A second cache with its own eviction

The EncoderCacheManager in vllm/v1/core/encoder_cache_manager.py is, structurally, a smaller and simpler cousin of the KV block pool from Chapter 4. It is sized in encoder embeddings, not blocks, and it tracks who is using what:

# mm_hash of mm_data => ids of requests that reference the mm_data
self.cached: dict[str, set[str]] = {}
...
# mm_hash of mm_data => num_encoder_embeds of the mm_data
self.freeable: OrderedDict[str, int] = OrderedDict()
self.freed: list[str] = []

The pattern mirrors the refcounted, lazy-LRU eviction you saw in block_pool.py. “Refcounted” means each entry tracks how many live requests point at it (the set[str] of request ids in cached); “lazy” means an unused entry is not freed at the moment its count hits zero but only later, when the space is actually needed. So an entry whose reference set is non-empty is pinned. When the last request lets go, the entry is not deleted; it slides into freeable, an OrderedDict acting as an LRU (least-recently-used) queue, and stays resident in case a future request asks for the same media. Only under memory pressure does it actually die, and only then in arrival order (the oldest, least-recently-freed entry goes first):

while num_embeds > self.num_free_slots:
    mm_hash, num_free_embeds = self.freeable.popitem(last=False)
    del self.cached[mm_hash]
    self.freed.append(mm_hash)
    self.num_free_slots += num_free_embeds

Source: vllm/v1/core/encoder_cache_manager.py

This is encoder-output prefix caching. The check_and_update_cache method is the cache lookup: if the media hash is already present, the request simply joins the reference set and the encoder is never run for that item. If the entry had been sitting in freeable, it gets rescued back into the live pool, exactly the touch-refcount-rescue move from Chapter 7. The worker side learns what to drop through get_freed_mm_hashes(), which hands the scheduler the list of hashes to tell the model runner to evict from its embedding store, the same scheduler-tells-worker contract that carries everything else in SchedulerOutput.

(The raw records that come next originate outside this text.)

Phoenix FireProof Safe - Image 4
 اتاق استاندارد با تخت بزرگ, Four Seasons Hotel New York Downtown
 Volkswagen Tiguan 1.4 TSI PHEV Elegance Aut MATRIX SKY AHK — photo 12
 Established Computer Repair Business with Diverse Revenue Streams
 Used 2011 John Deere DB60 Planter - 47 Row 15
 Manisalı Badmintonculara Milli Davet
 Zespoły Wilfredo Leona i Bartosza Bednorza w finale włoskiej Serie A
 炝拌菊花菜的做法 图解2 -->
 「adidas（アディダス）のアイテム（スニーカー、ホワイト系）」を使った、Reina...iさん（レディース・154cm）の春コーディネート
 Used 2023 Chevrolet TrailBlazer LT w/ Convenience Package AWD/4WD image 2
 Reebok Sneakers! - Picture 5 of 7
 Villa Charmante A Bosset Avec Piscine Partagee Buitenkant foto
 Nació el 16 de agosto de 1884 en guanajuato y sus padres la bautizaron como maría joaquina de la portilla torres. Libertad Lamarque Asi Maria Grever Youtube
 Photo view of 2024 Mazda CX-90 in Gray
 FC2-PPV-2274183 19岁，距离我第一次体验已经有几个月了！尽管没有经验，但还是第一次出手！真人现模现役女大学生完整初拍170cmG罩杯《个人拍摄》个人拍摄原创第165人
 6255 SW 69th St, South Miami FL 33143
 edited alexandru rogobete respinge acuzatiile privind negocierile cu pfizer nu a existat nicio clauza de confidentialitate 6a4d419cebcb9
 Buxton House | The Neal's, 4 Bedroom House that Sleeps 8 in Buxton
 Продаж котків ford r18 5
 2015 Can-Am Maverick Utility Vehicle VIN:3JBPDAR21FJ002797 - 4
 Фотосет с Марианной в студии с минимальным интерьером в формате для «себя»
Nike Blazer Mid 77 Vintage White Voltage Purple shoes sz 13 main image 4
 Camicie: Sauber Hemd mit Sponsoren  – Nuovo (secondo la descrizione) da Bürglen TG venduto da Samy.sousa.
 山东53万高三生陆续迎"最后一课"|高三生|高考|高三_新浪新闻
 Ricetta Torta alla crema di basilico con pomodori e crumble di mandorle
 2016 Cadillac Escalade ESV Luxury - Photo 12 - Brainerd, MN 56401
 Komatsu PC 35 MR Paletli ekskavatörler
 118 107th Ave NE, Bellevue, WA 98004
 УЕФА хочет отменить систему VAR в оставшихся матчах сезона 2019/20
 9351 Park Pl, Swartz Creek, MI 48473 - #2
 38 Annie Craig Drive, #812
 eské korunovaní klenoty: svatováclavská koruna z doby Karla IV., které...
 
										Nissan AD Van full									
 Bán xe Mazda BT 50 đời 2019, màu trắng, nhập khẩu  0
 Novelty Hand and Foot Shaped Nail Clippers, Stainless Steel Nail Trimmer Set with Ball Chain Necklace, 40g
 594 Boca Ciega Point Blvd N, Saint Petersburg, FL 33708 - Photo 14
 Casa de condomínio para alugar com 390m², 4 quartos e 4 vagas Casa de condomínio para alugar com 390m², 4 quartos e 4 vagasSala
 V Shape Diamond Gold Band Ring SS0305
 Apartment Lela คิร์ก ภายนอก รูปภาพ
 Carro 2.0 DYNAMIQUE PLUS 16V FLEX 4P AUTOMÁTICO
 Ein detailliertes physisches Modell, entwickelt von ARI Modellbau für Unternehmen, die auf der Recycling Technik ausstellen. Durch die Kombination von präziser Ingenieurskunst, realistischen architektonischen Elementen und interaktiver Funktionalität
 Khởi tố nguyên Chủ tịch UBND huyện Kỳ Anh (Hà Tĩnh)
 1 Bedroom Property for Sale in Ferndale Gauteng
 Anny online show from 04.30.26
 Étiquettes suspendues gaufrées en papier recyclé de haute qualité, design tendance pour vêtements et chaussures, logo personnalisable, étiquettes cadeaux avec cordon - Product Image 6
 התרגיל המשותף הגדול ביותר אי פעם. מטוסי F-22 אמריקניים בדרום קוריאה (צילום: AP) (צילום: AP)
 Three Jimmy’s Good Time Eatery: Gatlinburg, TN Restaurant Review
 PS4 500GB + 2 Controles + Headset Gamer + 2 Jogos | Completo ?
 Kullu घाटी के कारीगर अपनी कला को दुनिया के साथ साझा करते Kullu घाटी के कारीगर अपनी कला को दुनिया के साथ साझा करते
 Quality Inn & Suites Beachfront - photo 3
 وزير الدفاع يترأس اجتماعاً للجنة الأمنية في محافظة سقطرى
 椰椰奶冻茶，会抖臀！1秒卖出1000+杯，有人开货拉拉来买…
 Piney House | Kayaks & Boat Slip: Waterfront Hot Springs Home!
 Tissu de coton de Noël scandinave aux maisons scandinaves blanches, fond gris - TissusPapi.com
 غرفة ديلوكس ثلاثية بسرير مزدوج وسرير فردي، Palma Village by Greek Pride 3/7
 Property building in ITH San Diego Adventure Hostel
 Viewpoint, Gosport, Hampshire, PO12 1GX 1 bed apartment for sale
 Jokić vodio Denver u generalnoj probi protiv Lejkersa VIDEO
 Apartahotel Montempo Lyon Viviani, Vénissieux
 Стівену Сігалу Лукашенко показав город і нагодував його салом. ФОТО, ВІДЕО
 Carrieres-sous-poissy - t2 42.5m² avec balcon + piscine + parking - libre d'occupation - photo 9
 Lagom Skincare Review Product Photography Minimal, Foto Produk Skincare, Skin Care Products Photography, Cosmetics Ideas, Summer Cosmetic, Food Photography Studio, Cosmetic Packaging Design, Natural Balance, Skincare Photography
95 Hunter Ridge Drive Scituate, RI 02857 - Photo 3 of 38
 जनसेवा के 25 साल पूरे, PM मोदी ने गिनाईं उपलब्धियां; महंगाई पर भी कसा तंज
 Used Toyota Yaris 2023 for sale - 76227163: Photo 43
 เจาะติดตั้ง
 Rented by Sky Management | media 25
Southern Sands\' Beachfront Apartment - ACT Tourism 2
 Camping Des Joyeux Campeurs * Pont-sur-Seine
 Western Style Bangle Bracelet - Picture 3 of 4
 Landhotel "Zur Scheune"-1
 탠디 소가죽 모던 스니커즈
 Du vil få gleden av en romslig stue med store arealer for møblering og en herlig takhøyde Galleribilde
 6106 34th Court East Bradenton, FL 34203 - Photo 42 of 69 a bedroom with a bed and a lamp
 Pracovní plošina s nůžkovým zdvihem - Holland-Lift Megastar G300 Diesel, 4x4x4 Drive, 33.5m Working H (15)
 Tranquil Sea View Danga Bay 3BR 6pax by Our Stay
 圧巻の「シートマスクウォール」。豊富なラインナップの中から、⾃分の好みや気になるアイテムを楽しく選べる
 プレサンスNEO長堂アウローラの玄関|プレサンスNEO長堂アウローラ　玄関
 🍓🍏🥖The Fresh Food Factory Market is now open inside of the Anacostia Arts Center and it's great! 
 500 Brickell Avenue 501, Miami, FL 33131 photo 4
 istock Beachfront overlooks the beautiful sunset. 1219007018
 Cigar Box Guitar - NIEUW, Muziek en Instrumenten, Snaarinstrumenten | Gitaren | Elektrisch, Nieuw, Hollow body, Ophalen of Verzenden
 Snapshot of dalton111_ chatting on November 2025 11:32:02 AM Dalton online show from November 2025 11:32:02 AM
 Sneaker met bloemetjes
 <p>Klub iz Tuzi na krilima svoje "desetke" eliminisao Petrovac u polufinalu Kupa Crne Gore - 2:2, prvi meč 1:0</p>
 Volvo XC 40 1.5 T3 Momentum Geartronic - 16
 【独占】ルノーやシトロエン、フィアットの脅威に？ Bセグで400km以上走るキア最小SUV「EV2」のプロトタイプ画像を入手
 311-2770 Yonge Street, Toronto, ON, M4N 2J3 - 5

One subtlety worth internalizing: the docstring is explicit that the cache counts embeddings, not the placeholder tokens around them. Break tokens and text tokens interleaved between images do not consume encoder-cache slots. The two budgets really do measure different things.

The second budget, and how it competes

The compute budget is computed once at startup in vllm/v1/core/encoder_cache_manager.py:

encoder_compute_budget = max(
    scheduler_config.max_num_encoder_input_tokens, max_tokens_per_mm_item
)
encoder_cache_size = max(
    scheduler_config.encoder_cache_size, max_tokens_per_mm_item
)

Both default to max_num_batched_tokens (the very token budget from Chapter 5), as vllm/config/scheduler.py shows, with a floor: each must be at least one full media item, or the largest image could never be scheduled at all. So out of the box the engine carves an encoder compute allowance roughly the size of the decoder token budget, plus an encoder cache of comparable size. These are not yet user-tunable knobs (max_num_encoder_input_tokens and encoder_cache_size are init=False), which is a real limitation we will come back to.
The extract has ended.